E le risorse del sottosuolo venezuelano sono quelle più ambite da Mosca.Secondo la testata pro-regime Telesur, Venezuela e Russia hanno firmato più di 260 accordi di cooperazione: “La Russia e il Venezuela hanno già parecchie joint ventures nella ‘Faja Petrolifera del Orinoco’, territorio che possiede le più grandi riserve di idrocarburi certificate al mondo. Alcune sono: Petro Monagas, Petro Miranda, Petro Victoria, Petro Perijá e Boquerón”. Oltre a ciò, Putin è riuscito a negoziare la sua partecipazione all’ “Arco Minero”, un’area di 114.000 chilometri quadrati, situata a sud-est dello stato di Bolivar, dove si stima ci siano 7.000 tonnellate di riserve di oro, rame, diamante, coltan, ferro, bauxite e altri minerali.

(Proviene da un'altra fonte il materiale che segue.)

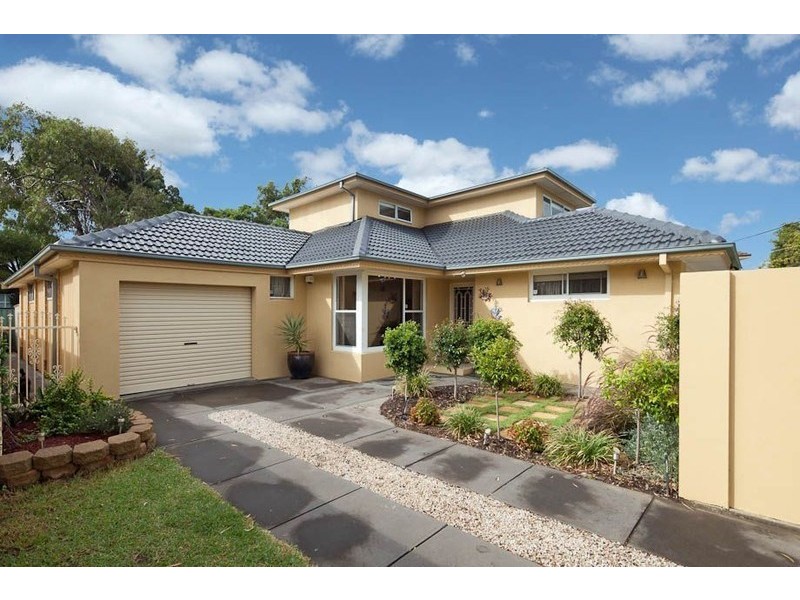 18 Pacific Parade, West Beach SA 5024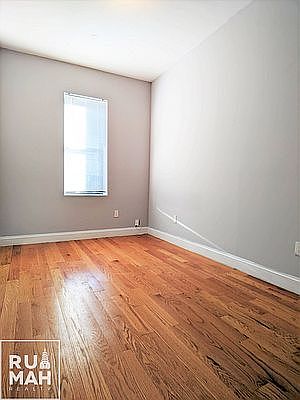 5th image of 352 Marion St #2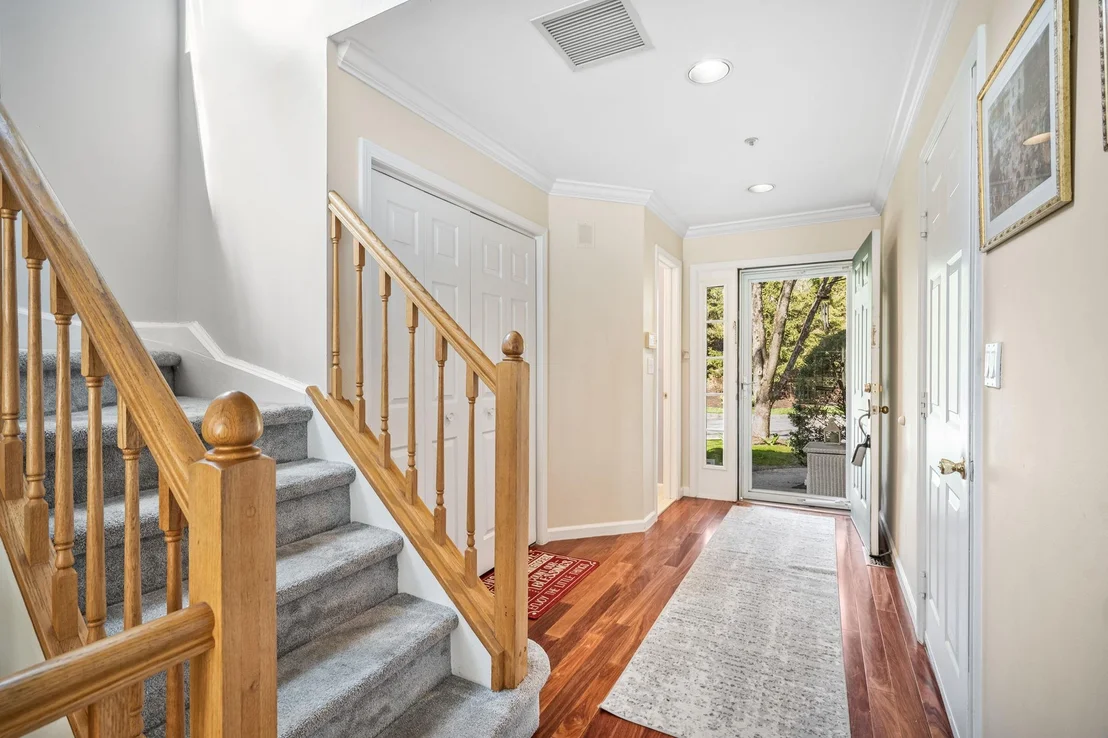Photo of 301 Pondside Drive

Accordi che sono stati firmati unilateralmente da Nicolas Maduro, valendosi di decreti e senza l’autorizzazione del potere legislativo. Di conseguenza, una volta che sarà caduto il regime, i russi non potranno più saccheggiare le ricchezze venezuelane.

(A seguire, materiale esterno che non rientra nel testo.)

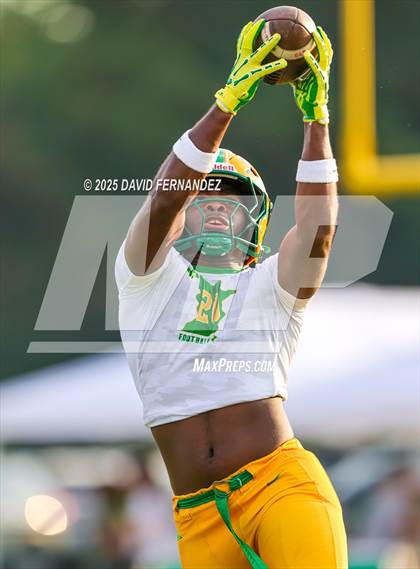 Thumbnail 2 in Rolesville @ Richmond Senior photogallery.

Intanto, i venezuelani e gli italiani in Venezuela sopravvivono tra blackout elettrici, iperinflazione, carestia, mancanza di medicine e di acqua. “Se fai la scorta alimentare quando c’è elettricità, poi sei costretto a consumarla in due tre giorni se non vuoi buttarla. Oltre al costo enorme che ciò comporta e anche la pessima qualità di quello che trovi. Pensa alla carne che nelle macellerie si sta putrefacendo e poi, quando arriva la luce, la devi comprare a un costo astronomico… Mi preoccupa il rifornimento di alimenti e bevande. Qui non arriva l’acqua da dicembre, non si trovano autocisterne. Insomma, si sta facendo dura la sopravvivenza. Saluti dal nuovo ghetto di Varsavia 2019!”, ha scritto Umberto Calabrese, giornalista italiano a Caracas.